アサヒ飲料は、一般企業サイト内順位が前回第17位から上昇し、初の首位を獲得。500サイトでの全体順位は第6位となった。WBIは前回のスコアから8.0ポイント増の74.6ポイントだった。個別の指標では、態度変容:企業活動が16.9ポイント増と大幅に上昇し、67.6ポイントの高評価を獲得した。
トップページのリニューアルに伴い、キービジュアルでメッセージを押し出したり、商品情報だけでなく、CSV(Creating Shared Value:共有価値の創造)の取り組みを伝えるコンテンツへの導線を拡充したりするなど、企業としての姿勢や活動が伝わる情報発信が評価の上昇につながったと分析している。
スコア上昇サイトは「楽天市場」「NTTドコモ」「江崎グリコ(Glico)」がトップ3
前回から今回にかけてスコアが大きく上昇したサイトのトップ3は楽天市場、「NTTドコモ」、「江崎グリコ(Glico)」となった。楽天市場は前回から14.8ポイント増の124.8ポイント、NTTドコモは14.3ポイント増の63.8ポイントだった。
楽天市場は全体順位で第1位となったが、WBIを構成する6つの個別指標全てのスコアが前回を上回ったことで、スコア上昇ランキングにおいても第1位となった。特に態度変容:企業活動が前回から24.2ポイント上昇し、WBIを押し上げた。
NTTドコモにおいても6つの個別指数全ての評価が前回を上回った。サイトトップページの変更の影響が表れやすいサイト・ユーザビリティーは、構成する4つの個別項目全てで得票率が上昇した。
企業姿勢や行動が伝わる情報発信への関心度が高まる
企業活動訴求の評価指標となる態度変容:企業活動で高いスコアを獲得したサイトのトップ3は「ユニ・チャーム」「東芝」「シチズン時計(シチズングループサイト)」となった。首位となったユニ・チャームは、サステナビリティーの取り組みに関する発信が豊富であり、高評価につながったという。

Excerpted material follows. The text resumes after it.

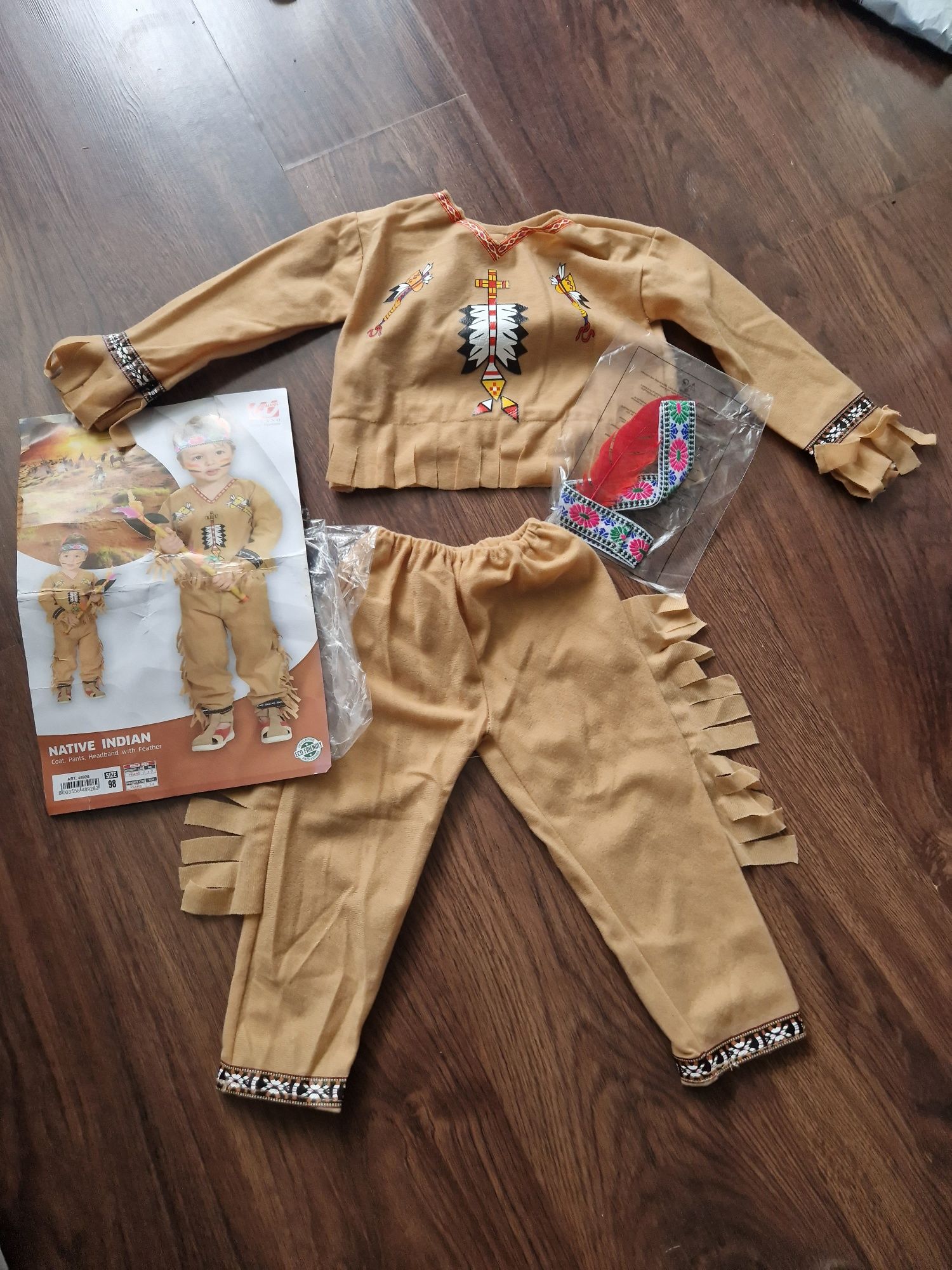 Nowy! Strój 98 Indianina Dziki Zachód kostium Karnawał Halloween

最近では、企業情報サイトだけではなく、製品・サービス情報が中心のサイトであっても、企業として社会に存在意義を示すメッセージの発信や、サステナビリティーや社会課題解決を目指す取り組みに関するコンテンツが拡充され、一般の生活者から見ても、サステナブル時代における企業の姿勢や行動が伝わる情報発信への関心度が高まりつつあるという。